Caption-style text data
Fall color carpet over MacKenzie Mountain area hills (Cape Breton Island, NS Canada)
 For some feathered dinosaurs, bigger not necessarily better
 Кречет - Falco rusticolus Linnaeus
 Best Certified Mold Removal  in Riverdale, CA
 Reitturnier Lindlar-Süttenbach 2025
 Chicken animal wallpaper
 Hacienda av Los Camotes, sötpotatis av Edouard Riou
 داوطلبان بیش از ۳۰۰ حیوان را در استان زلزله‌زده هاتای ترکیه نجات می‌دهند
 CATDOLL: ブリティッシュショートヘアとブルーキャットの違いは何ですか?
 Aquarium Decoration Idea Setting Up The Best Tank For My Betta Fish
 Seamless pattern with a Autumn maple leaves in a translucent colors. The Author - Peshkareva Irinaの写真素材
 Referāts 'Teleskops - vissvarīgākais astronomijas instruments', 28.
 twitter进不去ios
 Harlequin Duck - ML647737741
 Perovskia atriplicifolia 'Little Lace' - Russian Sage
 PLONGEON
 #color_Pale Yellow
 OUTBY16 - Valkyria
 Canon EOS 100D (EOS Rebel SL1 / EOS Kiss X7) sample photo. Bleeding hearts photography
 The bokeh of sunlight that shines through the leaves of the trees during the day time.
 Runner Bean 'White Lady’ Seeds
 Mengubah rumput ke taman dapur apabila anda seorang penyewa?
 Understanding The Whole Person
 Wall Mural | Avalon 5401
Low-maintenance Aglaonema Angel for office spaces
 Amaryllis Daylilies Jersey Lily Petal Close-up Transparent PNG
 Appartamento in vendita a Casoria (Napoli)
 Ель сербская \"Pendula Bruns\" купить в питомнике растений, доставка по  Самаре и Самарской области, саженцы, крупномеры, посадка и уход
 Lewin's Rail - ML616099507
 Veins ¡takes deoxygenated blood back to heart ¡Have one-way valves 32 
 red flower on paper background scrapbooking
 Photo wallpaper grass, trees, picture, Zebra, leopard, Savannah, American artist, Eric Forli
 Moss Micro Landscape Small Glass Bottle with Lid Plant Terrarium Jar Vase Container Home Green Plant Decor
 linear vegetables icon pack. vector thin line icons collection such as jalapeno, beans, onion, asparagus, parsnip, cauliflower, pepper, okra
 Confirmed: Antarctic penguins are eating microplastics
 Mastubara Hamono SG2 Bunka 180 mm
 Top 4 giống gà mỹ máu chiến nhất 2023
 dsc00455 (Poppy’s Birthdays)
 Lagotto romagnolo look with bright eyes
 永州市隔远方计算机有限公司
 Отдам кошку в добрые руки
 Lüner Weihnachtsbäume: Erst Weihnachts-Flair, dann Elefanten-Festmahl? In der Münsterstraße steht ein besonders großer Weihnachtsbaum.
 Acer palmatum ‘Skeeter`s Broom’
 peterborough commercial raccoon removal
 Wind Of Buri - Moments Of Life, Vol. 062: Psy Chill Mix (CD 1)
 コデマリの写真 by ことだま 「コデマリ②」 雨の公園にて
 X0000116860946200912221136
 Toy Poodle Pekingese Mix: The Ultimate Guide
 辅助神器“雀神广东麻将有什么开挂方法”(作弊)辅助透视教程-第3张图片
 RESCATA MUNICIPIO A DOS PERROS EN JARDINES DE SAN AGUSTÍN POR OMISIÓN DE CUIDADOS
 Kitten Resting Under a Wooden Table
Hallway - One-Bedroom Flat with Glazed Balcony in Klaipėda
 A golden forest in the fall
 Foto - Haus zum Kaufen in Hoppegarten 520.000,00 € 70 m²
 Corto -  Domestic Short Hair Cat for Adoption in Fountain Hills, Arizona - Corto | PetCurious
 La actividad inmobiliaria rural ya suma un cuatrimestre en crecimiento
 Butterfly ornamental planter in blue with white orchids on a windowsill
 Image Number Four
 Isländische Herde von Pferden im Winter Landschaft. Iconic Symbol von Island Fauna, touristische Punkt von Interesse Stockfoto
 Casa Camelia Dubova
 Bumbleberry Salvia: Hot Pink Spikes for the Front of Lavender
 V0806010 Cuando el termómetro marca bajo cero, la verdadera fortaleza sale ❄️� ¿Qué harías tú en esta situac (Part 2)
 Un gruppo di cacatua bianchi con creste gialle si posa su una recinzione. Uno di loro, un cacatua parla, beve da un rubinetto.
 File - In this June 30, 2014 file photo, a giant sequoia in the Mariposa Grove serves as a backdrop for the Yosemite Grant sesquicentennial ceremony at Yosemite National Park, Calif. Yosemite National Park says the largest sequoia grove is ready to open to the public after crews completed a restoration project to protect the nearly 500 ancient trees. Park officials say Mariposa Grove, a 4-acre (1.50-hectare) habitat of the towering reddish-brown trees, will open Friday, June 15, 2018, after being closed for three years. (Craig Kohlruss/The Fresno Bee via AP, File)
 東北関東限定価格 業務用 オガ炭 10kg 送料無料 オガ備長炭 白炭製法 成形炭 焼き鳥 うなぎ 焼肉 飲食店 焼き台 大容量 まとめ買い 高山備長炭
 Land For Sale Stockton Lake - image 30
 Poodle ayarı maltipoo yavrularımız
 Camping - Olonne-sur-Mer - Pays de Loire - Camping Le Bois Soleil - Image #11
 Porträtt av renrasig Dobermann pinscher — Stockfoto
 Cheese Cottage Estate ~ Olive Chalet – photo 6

# [Task requirements]
Where the string "Best" turns up in a line of the data above, copy that whole line.

# [Response]
 Best Certified Mold Removal  in Riverdale, CA
 Aquarium Decoration Idea Setting Up The Best Tank For My Betta Fish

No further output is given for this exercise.